[TEXT] The Online Conversation Threads Repository (Slashdot, Barrapunto, Wikipedia talk)
List of results published directly linked with the projects co-funded by the Spanish Ministry of Economy and Competitiveness under the María de Maeztu Units of Excellence Program (MDM-2015-0502).
List of publications acknowledging the funding in Scopus.
The record for each publication will include access to postprints (following the Open Access policy of the program), as well as datasets and software used. Ongoing work with UPF Library and Informatics will improve the interface and automation of the retrieval of this information soon.
The MdM Strategic Research Program has its own community in Zenodo for material available in this repository as well as at the UPF e-repository
The Online Conversations Threads Repository. V. Gómez, A. Kaltenbrunner and D. Laniado
http://repositori.upf.edu/handle/10230/26270
This repository contains datasets with online conversation threads collected and analyzed by different researchers. Currently, you can find datsets from different news aggregators (Slashdot, Barrapunto) and the English Wikipedia talk pages. Slashdot conversations (Aug 2005 - Aug 2006) Online conversations generated at Slashdot during a year. Posts and comments published between August 26th, 2005 and August 31th, 2006. For each discussion thread: sub-domains, title, topics and hierarchical relations between comments. For each comment: user, date, score and textual content. This dataset is different from the Slashdot Zoo social network (it is not a signed network of users) contained in the SNAP repository and represents the full version of the dataset used in the CAW 2.0 - Content Analysis for the WEB 2.0 workshop for the WWW 2009 conference that can be found in several repositories such as Konect Barrapunto conversations (Jan 2005 - Dec 2008) Online conversations generated at Barrapunto (Spanish clone of Slashdot) during three years. For each discussion thread: sub-domains, title, topics and hierarchical relations between comments. For each comment: user, date, score and textual content Wikipedia (2001 - Mar 2010) Data from articles discussions (talk) pages of the English Wikipedia as of March 2010. It contains comments on about 870,000 articles (i.e. all articles which had a corresponding talk page with at least one comment), in total about 9.4 million comments. The oldest comments date back to as early as 2001.
When using these data, please use the following references.

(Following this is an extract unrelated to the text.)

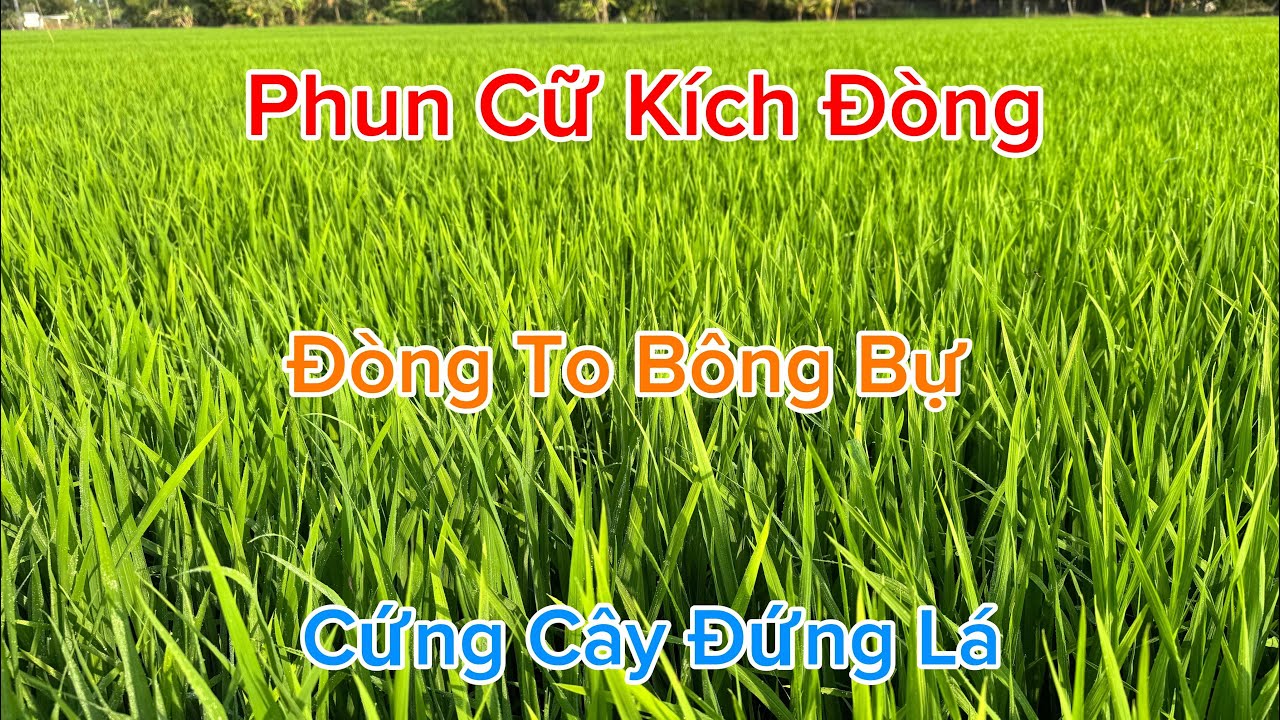 Phun cữ kích đòng, đòng to bông bự, cứng cây đứng lá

The datasets were first analyzed in:
[1] V. Gómez, A. Kaltenbrunner, V. López (2008). Statistical analysis of the social network and discussion threads in Slashdot. Proceedings of the 17th International World Wide Web Conference
[2] V. Gómez, H. J. Kappen, N. Litvak, A. Kaltenbrunner (2013). A likelihood-based framework for the analysis of discussion threads. World Wide Web 16(5-6):645-675 (arXiv version here)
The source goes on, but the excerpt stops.